O cinema produzido em Moçambique, entre os anos 1970 e 1980, foi considerado referência mundial em cinema experimental e revolucionário (Lopes, 2016). A política nacionalista moçambicana procurava criar um sentido de identidade nacional. Essa visão do cinema como instrumento de comunicação e, também, de ideologia teve um forte impacto no desenvolvimento da produção cinematográfica em Moçambique. Mesmo durante a guerra de libertação foram produzidos filmes sobre a luta pela independência por estrangeiros. Entre eles Venceremos! (1966), de Dragutin Popovic; Behind the lines (1971), de Margaret Dickinson; A luta continua (1972), de Robert Van Lierop, e Étudier, produire, combattre (1973), do Grupo Cinéthique (Lopes, 2016).
Apesar dos problemas crescentes, relacionados com a violência, e problemas técnicos com a produção, como a falta de películas e de energia elétrica, nos anos 1980, foram produzidos pelo INC dois filmes de ficção (Ferreira, 2016). O tempo dos leopardos, do realizador Zdravko Velimirovic, de 1985, é uma coprodução com a Jugoslávia e O vento sopra do norte, do realizador José Cardoso, foi totalmente produzido em Moçambique. A produção da primeira longa-metragem, já envolvia realizadores como Camilo de Sousa e Luis Patraquim, quando Isabel Noronha ingressou no INC, convidada a participar como assistente de logística do filme. Isabel Noronha é conhecida como uma das primeiras mulheres moçambicanas na realização cinematográfica. Nesta altura, também regressou a Moçambique Sol de Carvalho, após ter estudado no Conservatório Nacional de Cinema, em Lisboa. Nascido na Beira, Sol de Carvalho retorna ao país para ser diretor do Serviço Nacional da Rádio Moçambique, trabalhando, ainda, na revista Tempo, até que, em 1986, iniciou a sua carreira como realizador (Lopes, 2016; Miranda, 2015).
Os primeiros anos após a independência de qualquer país são de grandes dificuldades, geralmente de disputas internas, falta de abastecimento entre outros problemas.
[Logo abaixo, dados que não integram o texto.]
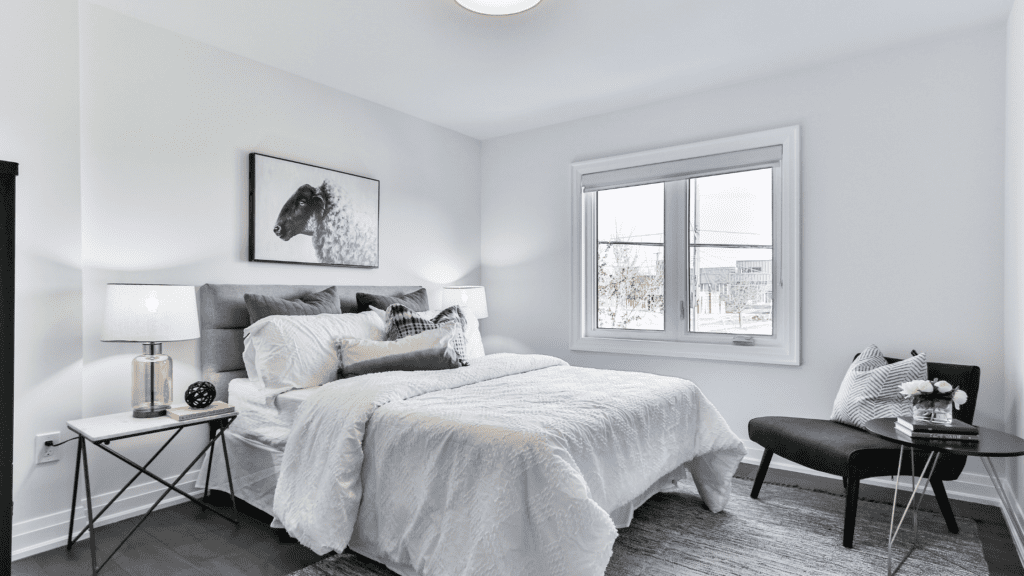 Quarto com a cama arrumada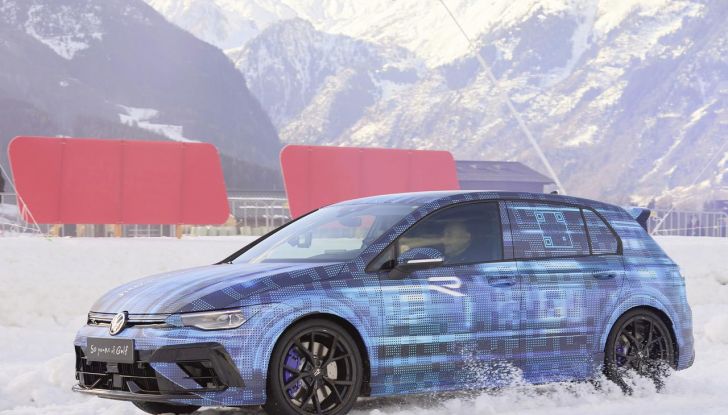 Volkswagen Golf R 2024: caratteristiche, design, abitacolo, versioni, motore e prestazioni - Foto 7 di 116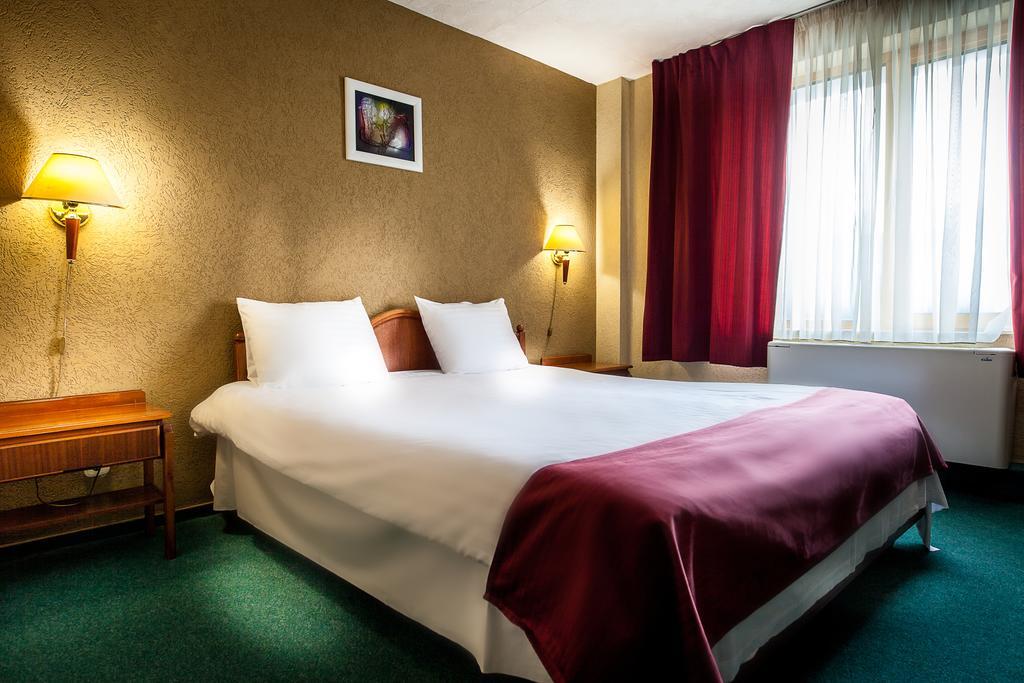 Hotel Ciao Târgu-Mureş Esterno foto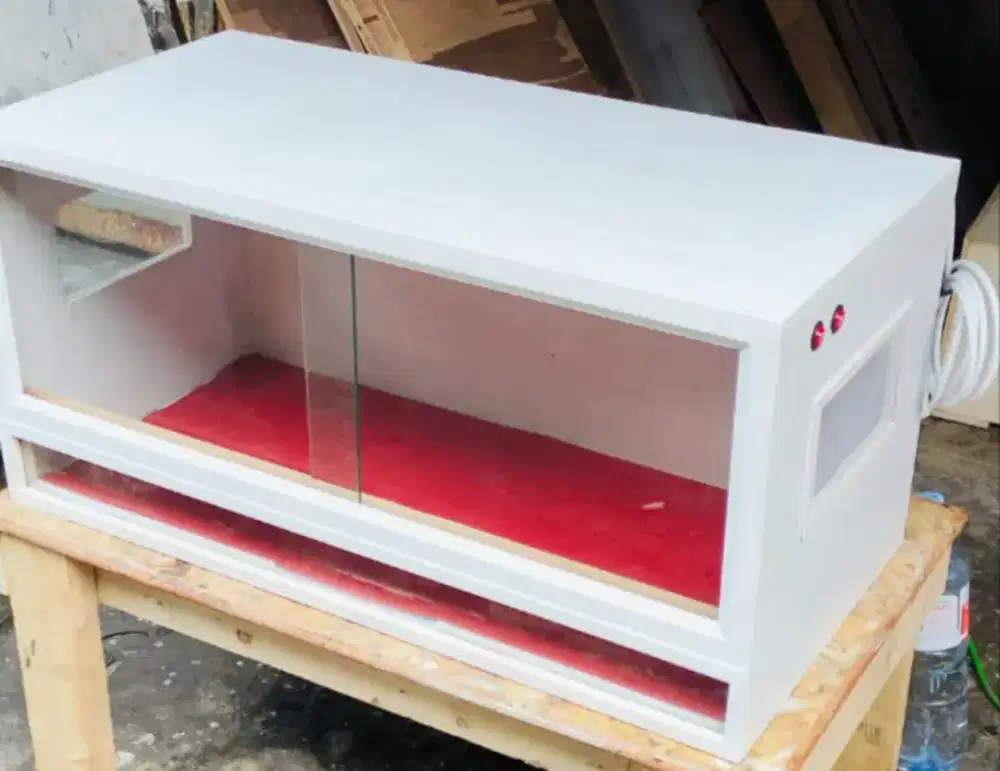 Terarium kandang reptil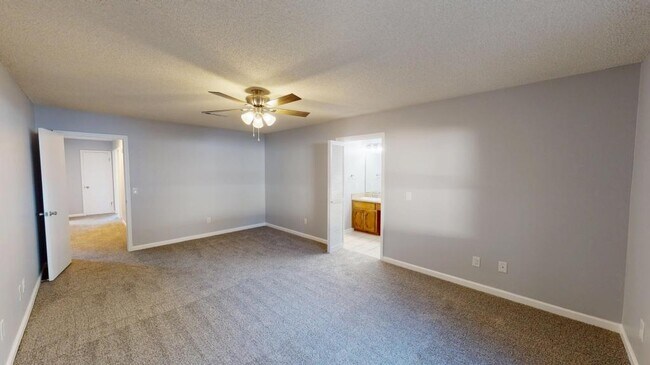 Building Photo - 112 Oakland Dr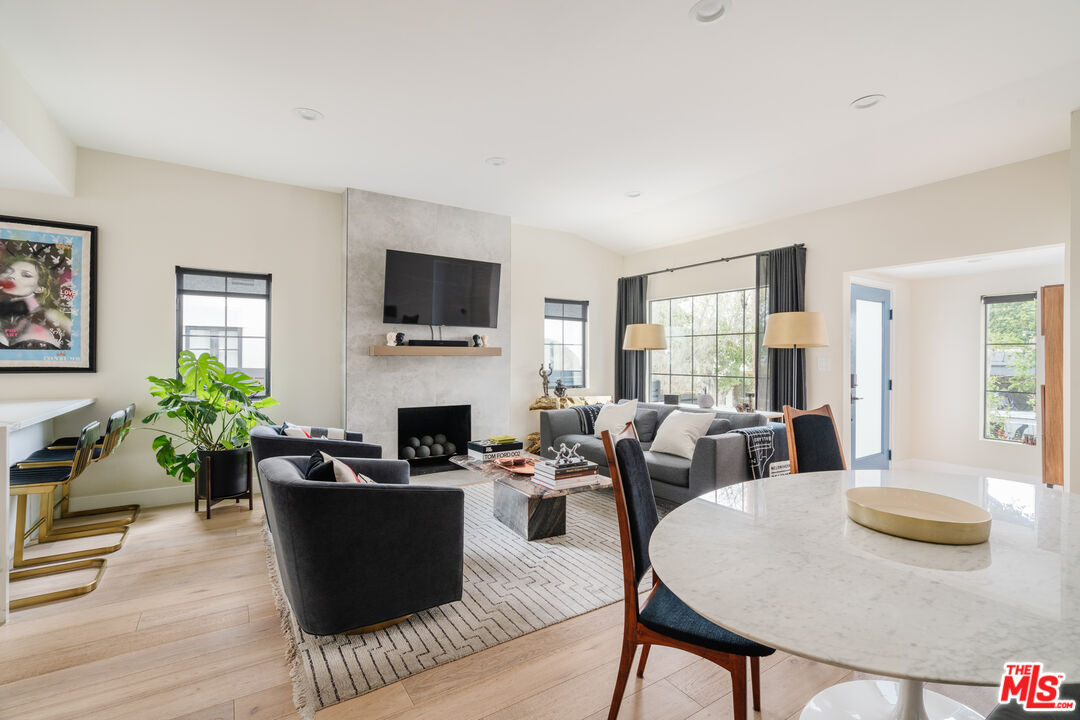 9031 Elevado Ave, West Hollywood 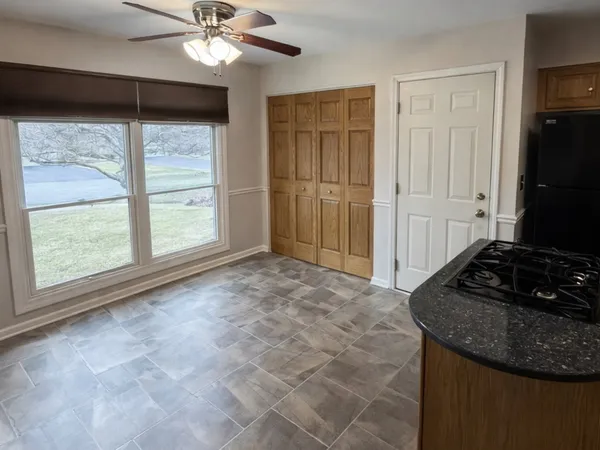 $479,000 | 10709 Hollow Tree Road, Orland Park, IL 60462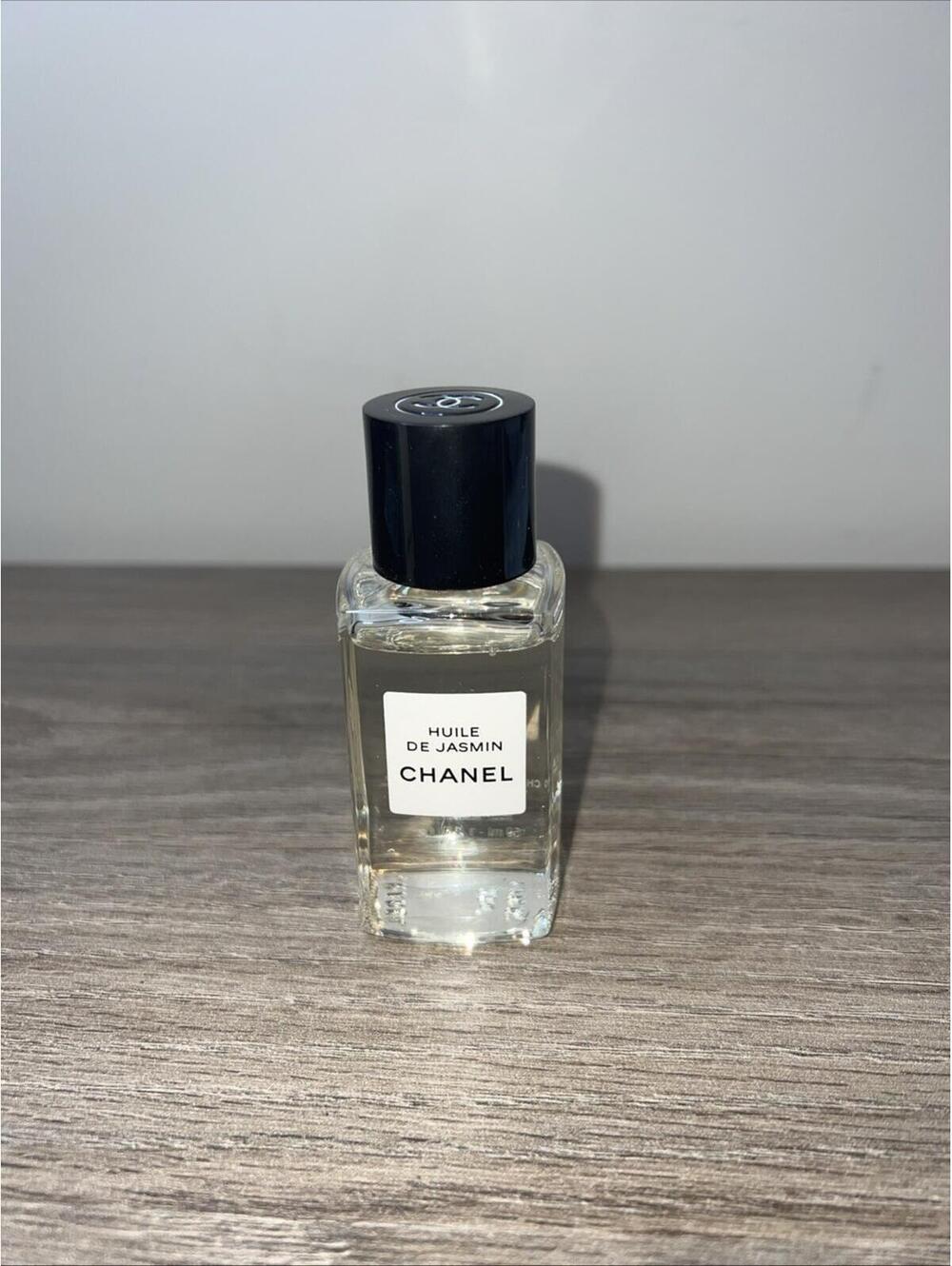 Chanel Huile De Jasmin Revitalizing Facial Oil 50 ml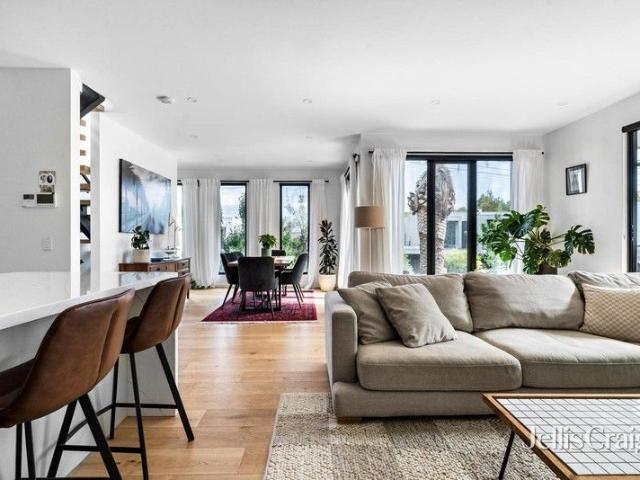 Family sized haven of light, warmth and comfort 185m2 approx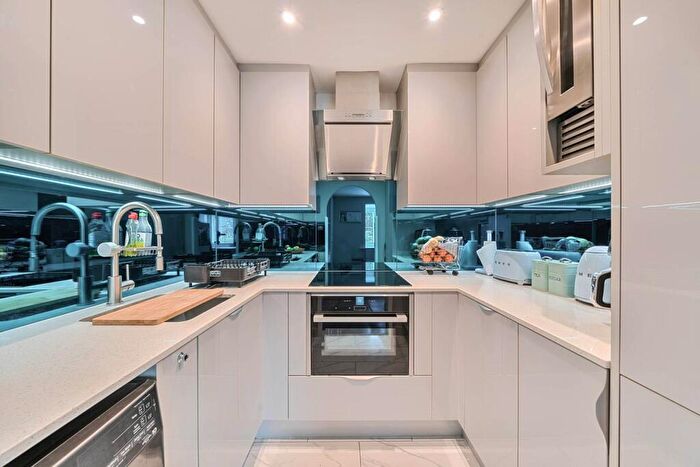 Studio For Sale In Orchard Grove, Anerley, London, SE20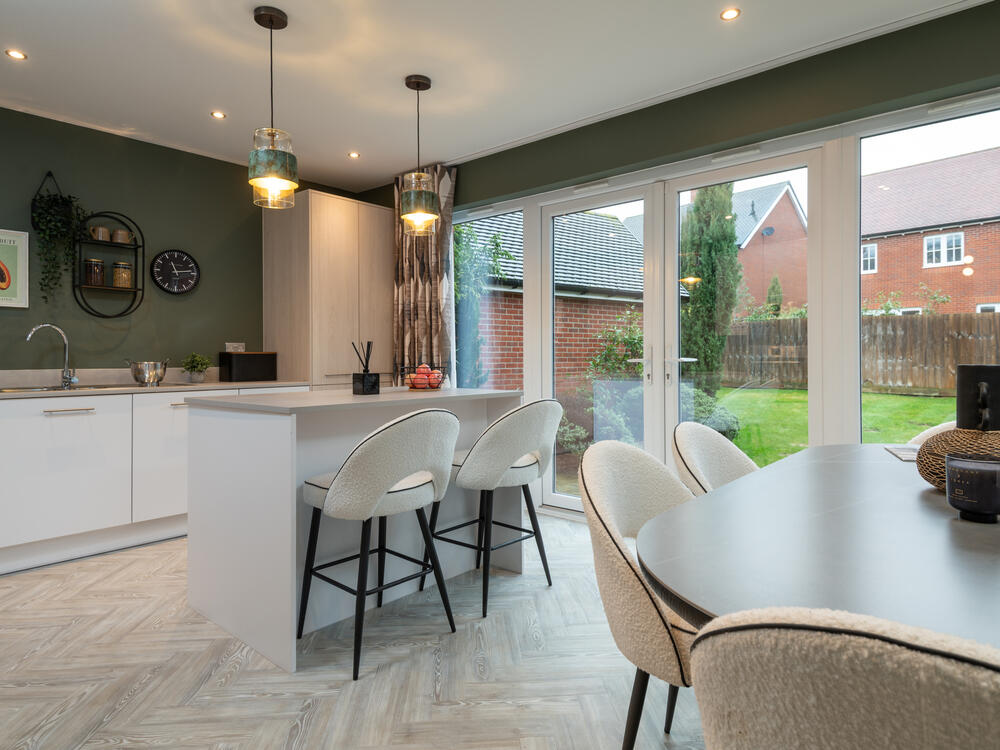 De Lisle Bush Way, Stonehouse, GL10 3RL - View 3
Assim, também Moçambique foi marcado por uma intensa guerra civil desde 1977 até 1992, e só em 1994, o país realizou as primeiras eleições multipartidárias. Além disso, faltava infraestruturas para a retomada do cinema, o que só foi possível através de cineastas, cinéfilos e políticos interessados na (re)construção do novo país (Pereira, 2019, p. 306).
Durante a guerra civil foram raras as produções fílmicas. Na visão de Ferreira (2016), a influência estrangeira nessa segunda fase do cinema, apesar de trazer financiamento e possibilitar a continuidade das produções, muda a forma de fazer cinema: “a dependência altera as possibilidades de descolonização da mente porque o envolvimento do antigo colonizador e suas ideias acerca da época colonial ganham espaço” (p. 33). Além disso, um incêndio no INC, nesse período, danificou equipamentos, estruturas e muitos filmes. A morte de Samora Machel, em 1986, também contribuiu para a “secundarização do cinema enquanto dispositivo de comunicação com as massas por parte do Estado” (Pereira, 2019, p. 304). Por outro lado, foi o período de criação de produtoras privadas como a Ébano Multimédia (por Sol de Carvalho, Pedro Pimenta e Licínio de Azevedo, em 1991), a cooperativa Coopimagem (em 1992) e a Promarte (por Sol de Carvalho, 1993), que produziram também longa-metragens de ficção (Ferreira, 2016, p. 35).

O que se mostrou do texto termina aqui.